About 11 September, she suggests “it might be about time that a counter-narrative were offered”.
She eyes me warily. “I would never want to be held accountable for anything that I said about 9-11 in the last several months, because my feelings about what happened, and what happened to me on that day, have changed over and over again. I’ve certainly been traumatised by this. I was talking about how interesting it is that, for all that there’s a straightforward line that people who were not there seem to have had, my responses to it are all over the place - including extreme alienation.
“It’s very weird because the one thing that’s been very consistent has been how incredibly patriotic I have felt, but that patriotism doesn’t seem to connect with the idea that we all should have felt collectively violated. I just feel patriotic anyway. I feel that there’s no more incredible country on earth, and the tendency to blame the United States for any number of ills is just foolish and misguided. This weird Noam Chomsky response is crazy. And I feel so certain of that that I wonder why everybody has felt so vulnerable in response to this.”
There is a pause. “I didn’t have a straightforward response, the way a lot of people who were a lot less affected than I was, seemed to have.”
Another pause. “There’s nothing I say ever that I’m ashamed of. If I was afraid of it I wouldn’t say it. I remember saying once about the Palestinians that their intentional cause was terrorism, by which I meant that the first thing they did as a Palestinian nation was the Munich Olympics. I know exactly what I said, and I know exactly what I meant, but you take it in one sentence, and you know what it sounds like.”
More, Now, Again, is a strange book. Its strength, the warts-callouses-and-all depiction of depression and drug addiction, is also its weakness. The life described by Wurtzel, her own, has a frustrating artlessness to it. This may make it more true - reality sprawls - but it is a gruelling read, and less endearing than Wurtzel is in person. It ends hopefully, with the phrase, “Here’s how this story begins.”
I ask her about her recurring dreams. She answers a slightly different question.
“I have a recurring anxiety dream that has to do with the fact that in high school I have to apply to college for some reason, and I can’t get into the college of my choice, and the thing is that I have already graduated from college. Or I’m in high school and I have to take a test again. And then I realise I don’t have to be doing this.
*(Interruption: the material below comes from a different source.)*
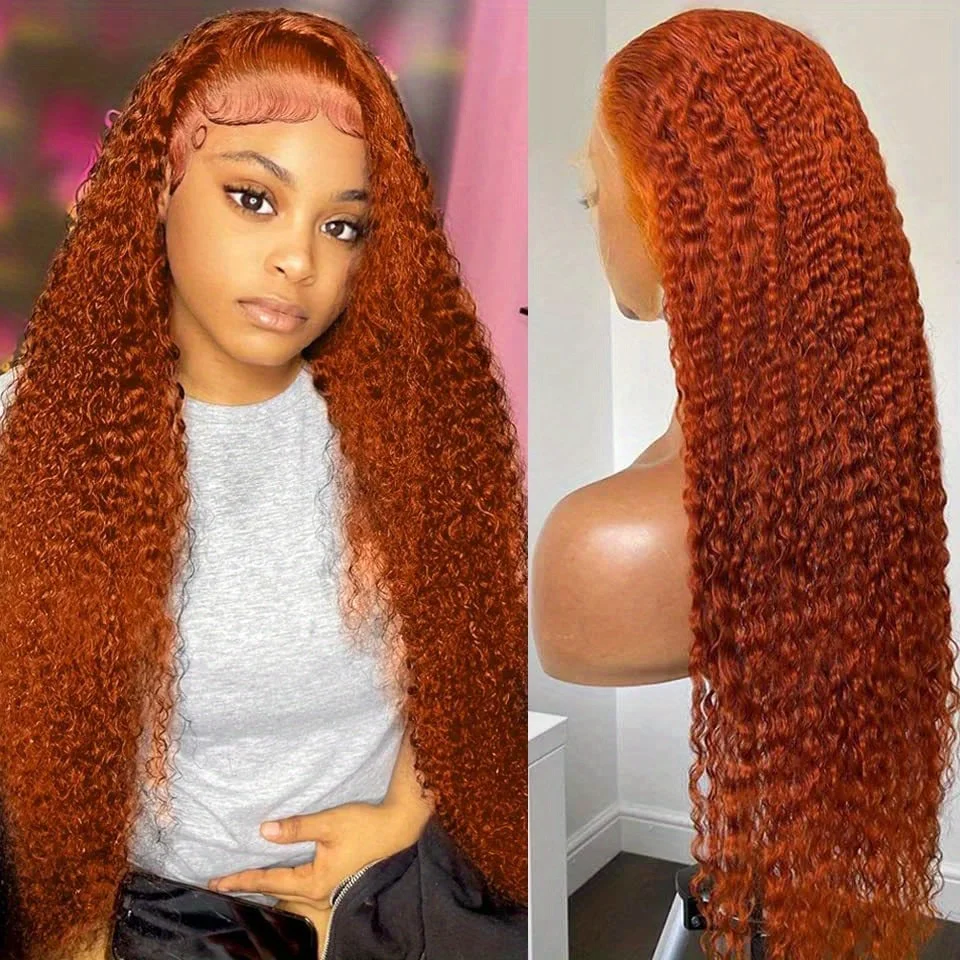 Perruque Deep Wave Lace Front Wig naturelle bouclée, cheveux humains, 13x6, 13x4, transparente, vidéo orange, densité 200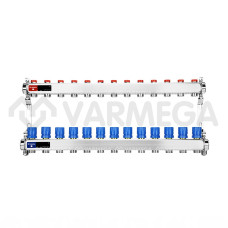 Группа коллекторная для отопления ВР 1", на 13 контуров 3/4" EK, нержавеющая сталь VARMEGA VM15513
“I haven’t had this so much recently, but there was one also where I was having to get married and frequently I would be in a jewellery store, and there would be all this jewellery that I wanted to buy, but I would have to buy wedding bands. And I would feel like, ‘I don’t want to get married, I don’t want to get married,’ and finally the guy that I was getting married to would explain to me that I didn’t have to get married, I didn’t have to marry him, and it would be such a relief. But I didn’t know that until he told me.”
To lighten the mood, we talk about nightmares. “Yeah,” she says. “It’s such a relief when you wake up and realise that you don’t have to do this thing. It’s such an amazing relief when you realise ‘wow, this isn’t my problem at all’.”